Without public discussion, they were well on their way to engineering a water recycling program but only for homes on the Valley floor and poorer parts of the city over the hill.
The screaming headline TOILET-TO-TAP alone was enough to bring it to a halt.
Well, no surprise toilet-to-tap is back on the lips of the mayor and with all the fanfare accompanying all great leaps forward, he will announce its revival at 10 a.m. today at the Tillman Reclamation Plant, which is in the Valley of course.
The plan is called “Securing L.A.’s Water Supply,” which sounds sort of like securing our borders with 1,000 miles of fence without adopting an immigration policy or making our kids safe in school without doing anything about gangs or pedophile teachers.
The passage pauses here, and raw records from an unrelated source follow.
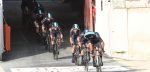 WK 2017: Sky gaat voor winst in ploegentijdrit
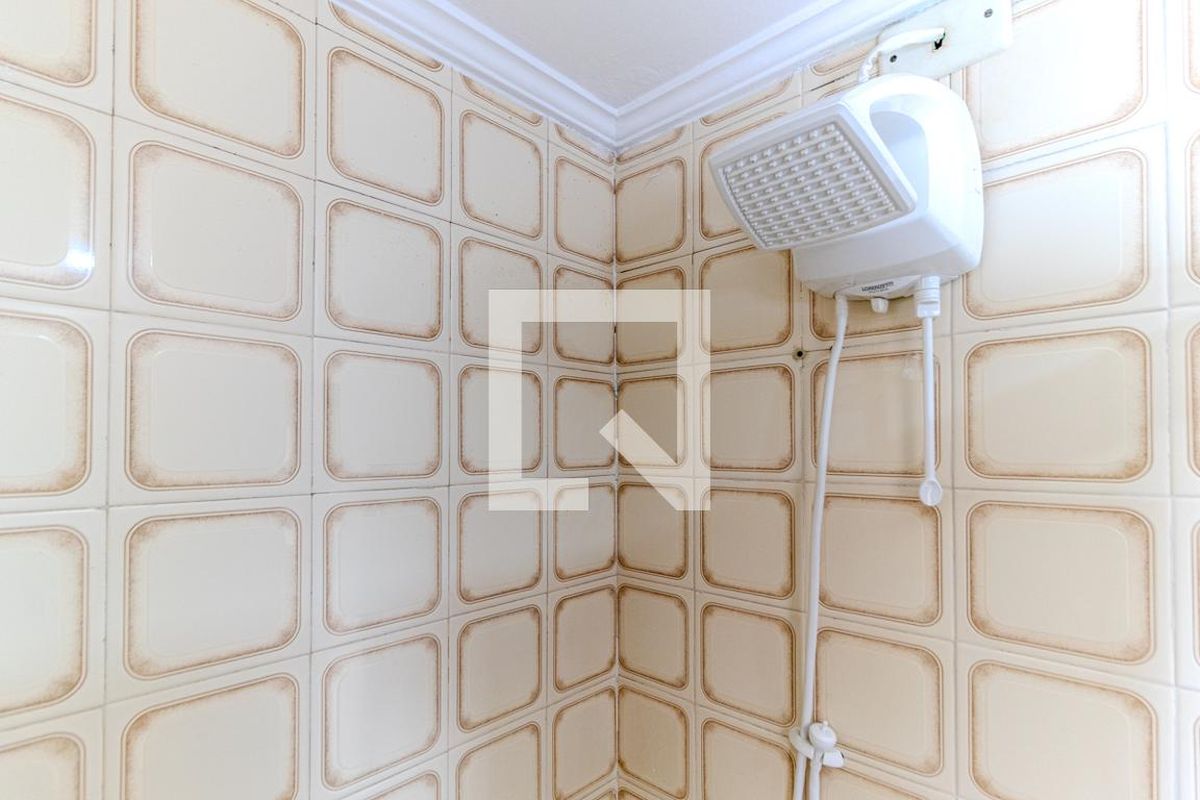 Apartamento, 1 quarto, 41 m² - Foto 37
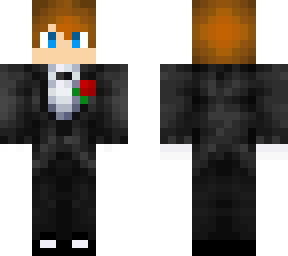 suit me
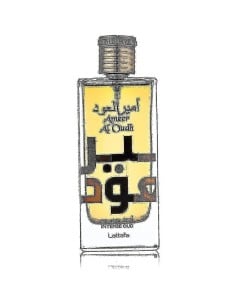 lattafa_ameer_al_oudh_intense_oud_eau_de_parfum_vaporizador_unisex_100_ml_para_mujer_6291107458571_oferta
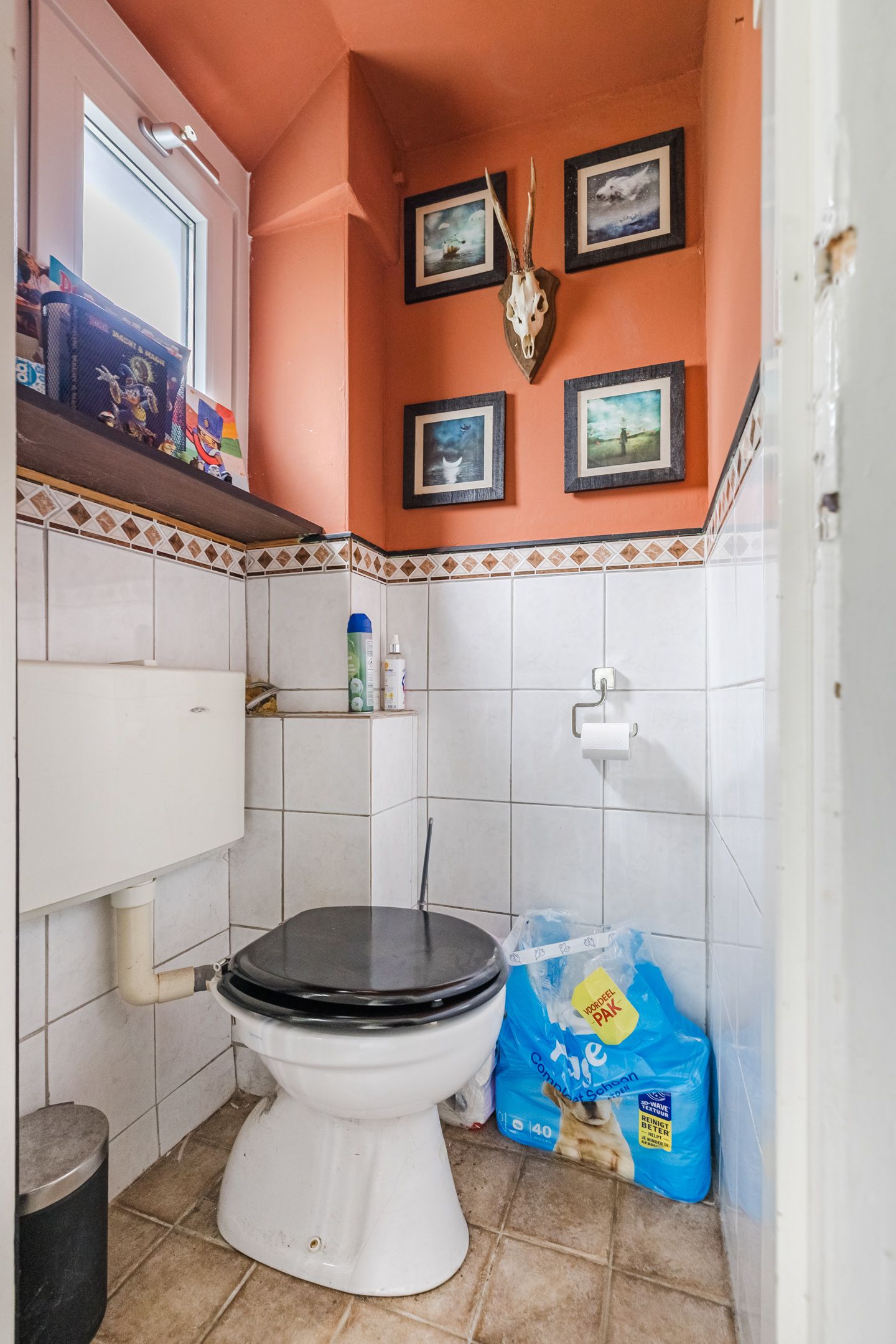 Photo 18 of Polderstraat 11
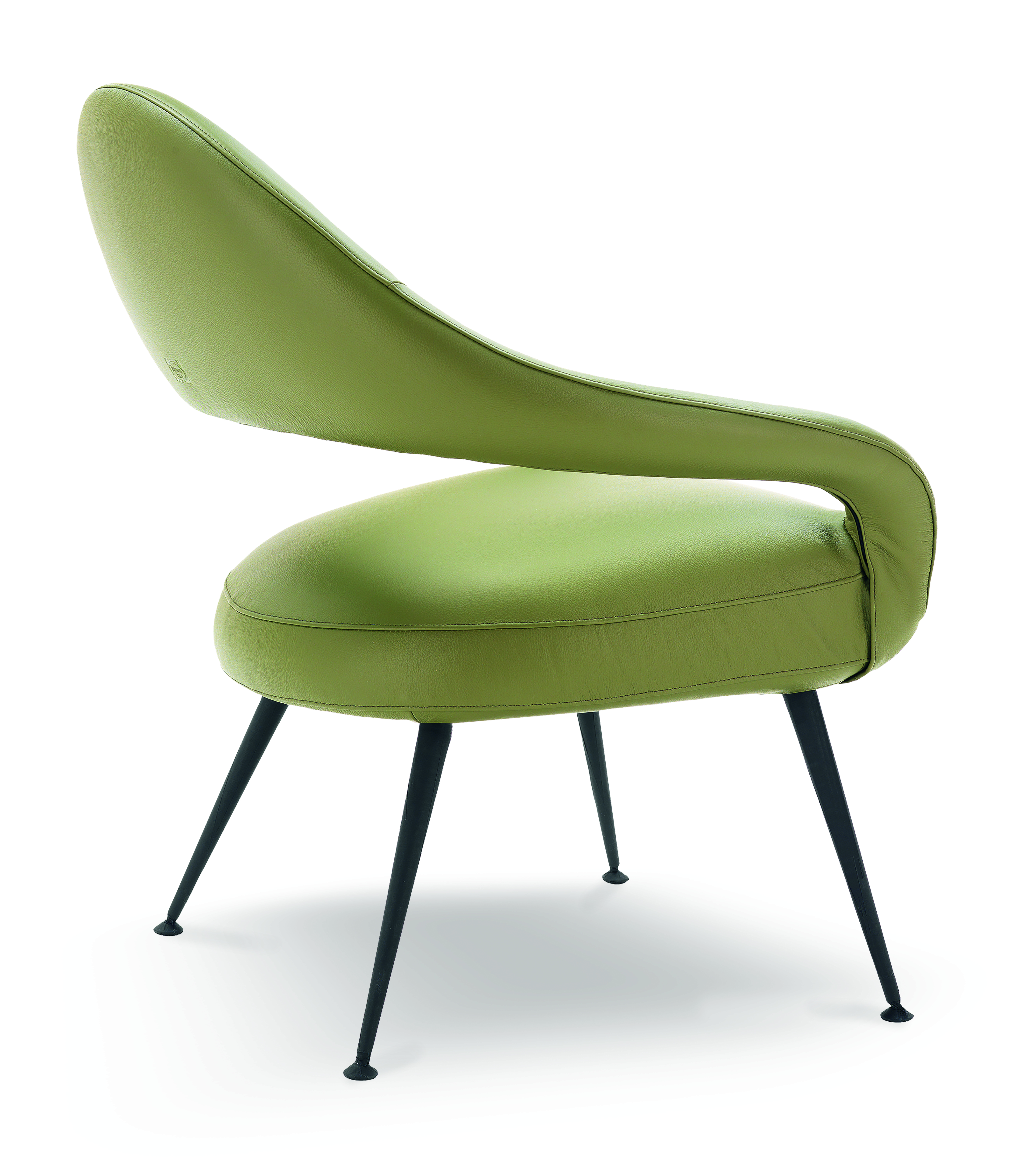 Letizia | Armchair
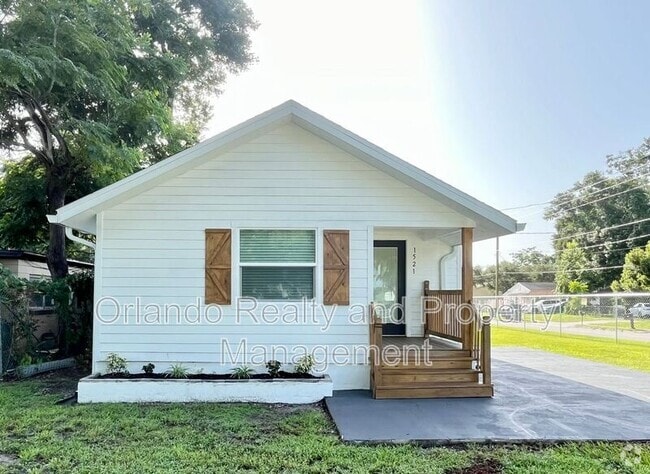 Building Photo - 1521 Nieuport Ln Rental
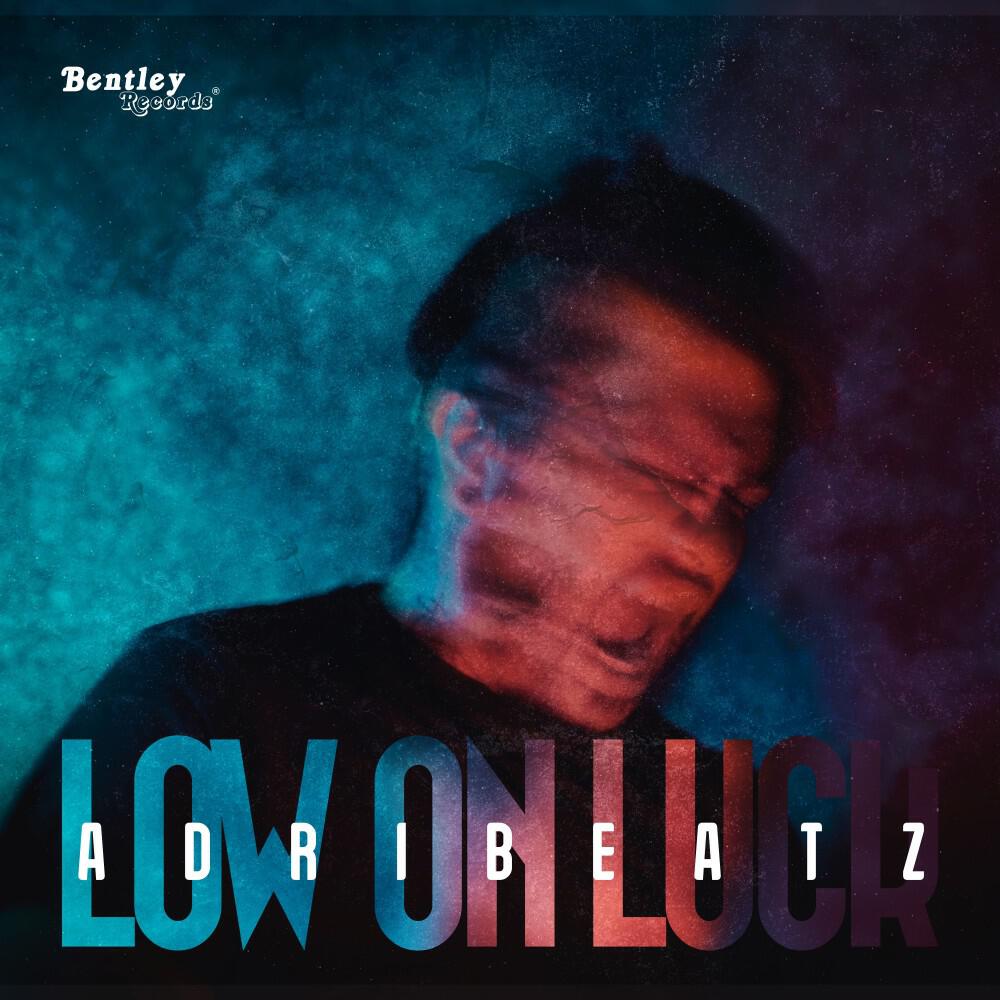 Релиз Low on Luck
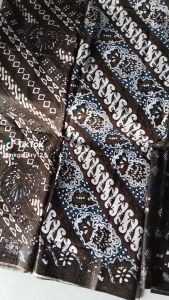 SARUNG BATIK.SARUNG SANTRI.SARUNG PONDOK.ASTEX.SARUNG KATUN.PRINTING.SARUNG WADIMOR.SARUNG MURAH BERKUALITAS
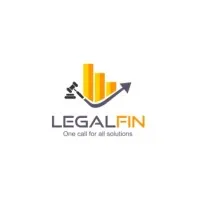 LegalFin Advisors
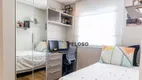 Foto 16 de Apartamento com 2 Quartos à venda, 47m² em Tucuruvi, São Paulo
You know your water’s safe because you flushed it down your toilet yesterday.
Now, the reason we need this breakthrough technology is that the mayor and his backers want the city to grow by half a million people as fast as possible to refill the city treasury and keep contractors and construction workers fat and happy. That this will make traffic congestion, air pollution and the quality of life worse is of no consequence.
“Blade Runner” city here we come.
I know this is too harsh but sometimes I can’t help myself. I can’t stand being manipulated and treated like an idiot who’s too dumb to even know what time it is.
“L.A.’s future depends on our willingness to adopt an ethic of sustainability. If we don’t commit ourselves to conserving and recycling water, we will tap ourselves out,” Villaraigosa told the Daily News. “This plan makes a basic promise to our kids. We are going to recycle and conserve enough water to meet 100 percent of new demand.”
We’re going to drink toilet water for the kids’ sake? Aw. c’mon Antonio.
We’re going to drink water so some people can get rich. We’re going to drink toilet water because we put growth at any cost ahead of the quality of life. We’re going to drink toilet water because we don’t have the imagination or will to embrace regional water policies and conservation efforts
It’s like everything we do.
We don’t solve the traffic congestion problem by tougher regulations on trucks in peak hours, we put billions into the ground for subways that don’t take us where we want to go. We strip neighborhoods of a say on development so we can put up massive apartment complexes that encourage crime and poverty. We fix our schools buildings but not what goes on in the classroom. We build monuments to billionaires’ egos, not community centers for ordinary people to enjoy.
Honestly, I don’t know if Antonio and his pals are right when they say recycled toilet water is cleaner and healthier than the water the Sparkletts man delivers to my house.
But I do know this: Before we turn on the tap to toilet water, before we build a subway-to-the-sea, before we trash our residential neighborhoods with “density bonus” developments, we all need to sit down as equals and talk about who we are, where we are and where we’re going.
And that’s why the leaders of this city need to come down from their mountaintops and leave their mansions and work to develop strong community organizations that can balance out the discussions about what’s good for L.A.
Is that asking too much?
For, the record, here’s the full text of the mayor’s press release which mentions recycling but not the mayor’s flip-flop on drinking it:
MAYOR VILLARAIGOSA, LADWP TO LAY OUT FAR-REACHING
20-YEAR WATER STRATEGY FOR LA
Water demand expected to grow 15 percent by 2030, while water supplies more tenuous
LOS ANGELES – Unveiling a plan to ensure water continues to flow in Los Angeles despite a worsening outlook, Mayor Antonio Villaraigosa will join LADWP leaders and environmentalists to lay out a long-term strategy for the City to meet growth in water demand over the next 20 years at 10:00 AM on Thursday, May 15, at the Japanese Garden, 6100 Woodley Ave., Van Nuys, California, 91406.
While dry seasons and the toll of climate change continue to threaten Los Angeles’ future water supply, population growth is expected to drive up water demand in Los Angeles by 15 percent by 2030.
Developed by the Mayor’s Office and LADWP, the “Securing LA’s Water Supply” plan calls for an aggressive, multi-pronged approach to meet this increase in demand, combining short-term steps to conserve water with long-term investment in water-efficient technology and water recycling.